When my tears finally slowed, I turned in his lap and wrapped my legs around him. He held me tight, chest to chest, but lifted my pussy up, away from his dick, which hadn’t grown hard.
I touched his face. All sharp angles and gorgeous, usually hidden beneath the beard. I wanted to kiss the jawline I’d never seen before, but I didn’t dare while he seemed to be pushing me away.
“You don’t want me?”
“Not like this.” He lifted me and settled me back down on his lap, so I was sitting sideways and not on his dick. “You don’t owe me sex for taking care of you, and I’m not up to paying for it tonight. I want to hold you and take care of you. Everyone falls apart after their first kill.”

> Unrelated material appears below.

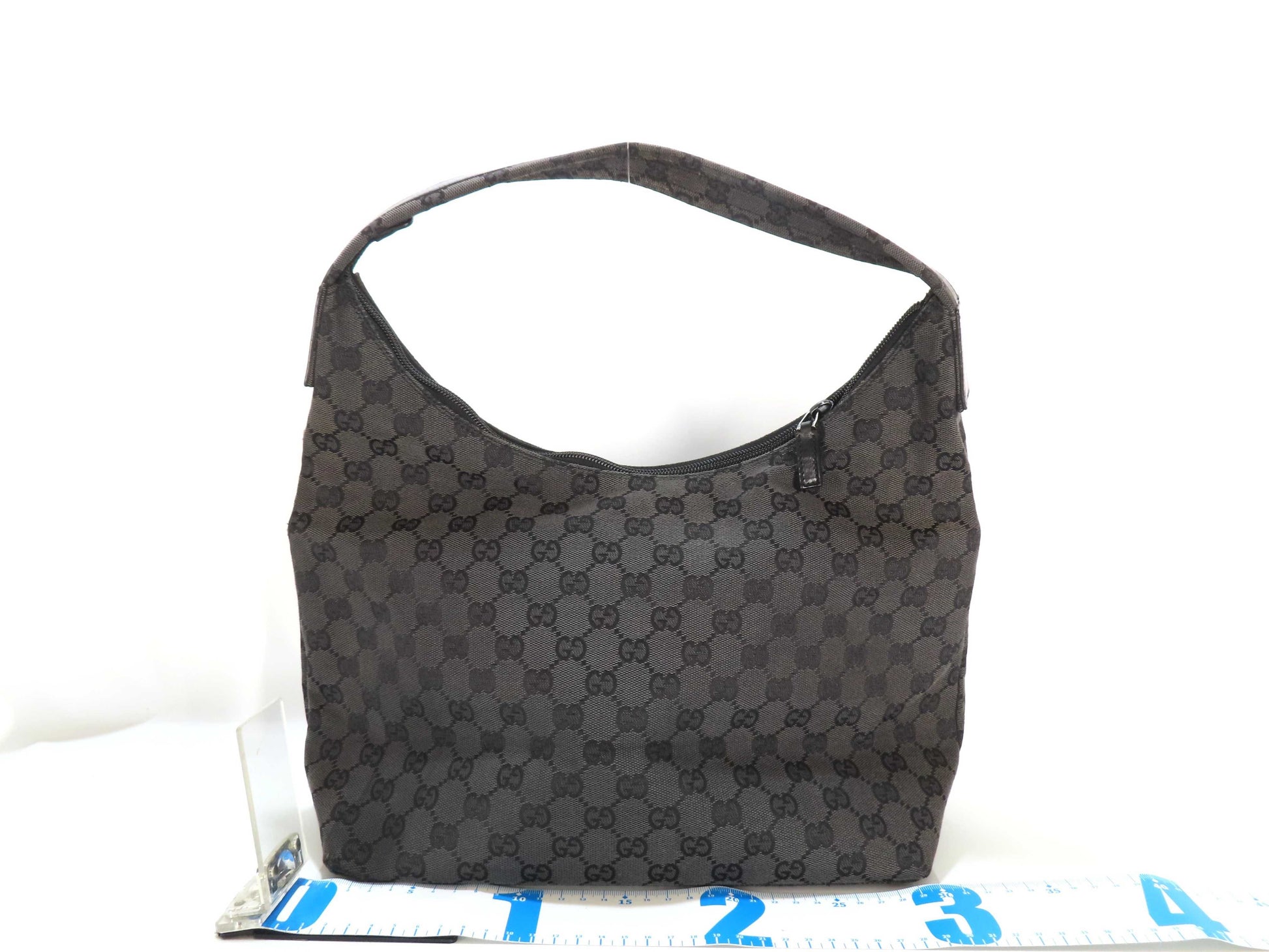 GUCCI GG Canvas Gucci One Shoulder Tote GG Canvas Black Front Pocket Handbag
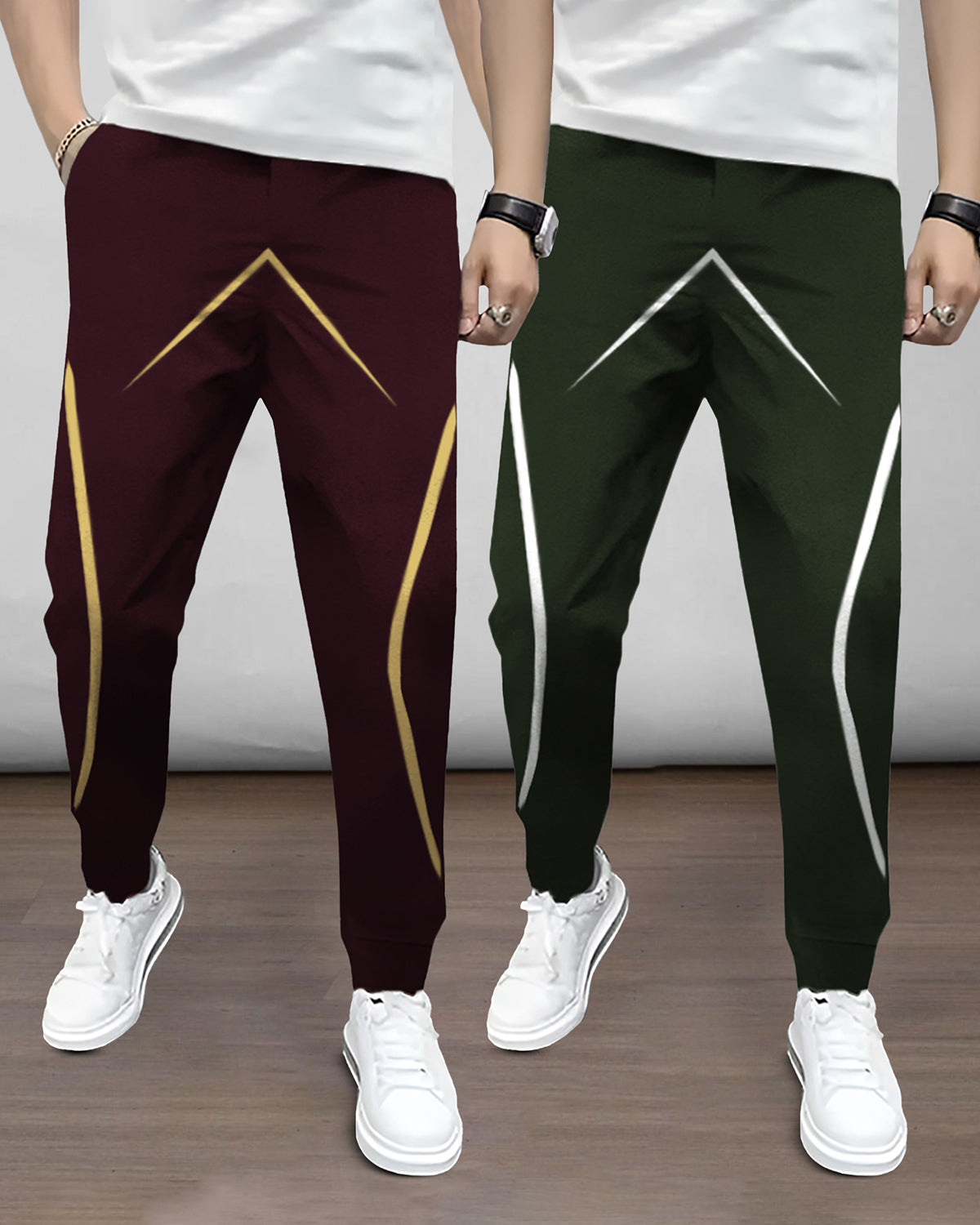 (Pack Of 2) Mens Printed Maroon & Olive Trackpants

I shook my head. “I killed people during the battles. Or rather, Celrau and demons, I guess, and not humans, but still, I killed other human-shaped beings.”
“That was war. Kill or be killed. Still something you have to deal with, but these people came into the sanctity of your home. They had to know a single female lived there. We know there have been home invasions with a rape element in the area, with two men. In some cases, things were stolen, but not all. There’s a good chance they were planning to rape you, once they had your electronics packed up and ready to go.”
“They wore gloves, so their fingerprints won’t be in my house, but their DNA will be. I should go home and clean. If they told someone which apartment they were going to hit, the cops might come looking.”